*** RECORDS PROVIDED ***

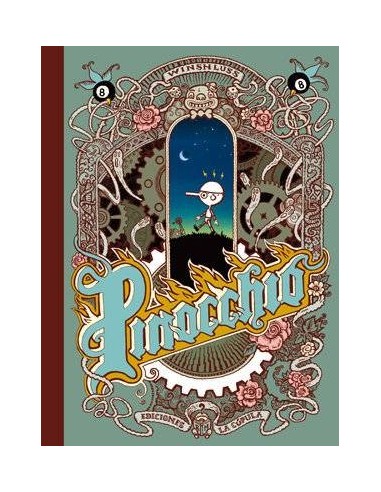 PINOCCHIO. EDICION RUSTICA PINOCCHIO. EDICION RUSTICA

***
*** RECORDS PROVIDED ***

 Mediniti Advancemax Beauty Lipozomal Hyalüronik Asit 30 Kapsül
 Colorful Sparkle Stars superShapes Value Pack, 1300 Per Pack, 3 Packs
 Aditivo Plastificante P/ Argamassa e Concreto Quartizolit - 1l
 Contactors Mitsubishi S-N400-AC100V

***

◆ WHAT IS BEING ASKED ◆
Please output exactly the lines between the one holding "Mediniti Advancemax Beauty" and the one holding "Contactors Mitsubishi S-N400-AC100V" in the records above, inclusive, and nothing more.

◆ TASK OUTPUT ◆
 Mediniti Advancemax Beauty Lipozomal Hyalüronik Asit 30 Kapsül
 Colorful Sparkle Stars superShapes Value Pack, 1300 Per Pack, 3 Packs
 Aditivo Plastificante P/ Argamassa e Concreto Quartizolit - 1l
 Contactors Mitsubishi S-N400-AC100V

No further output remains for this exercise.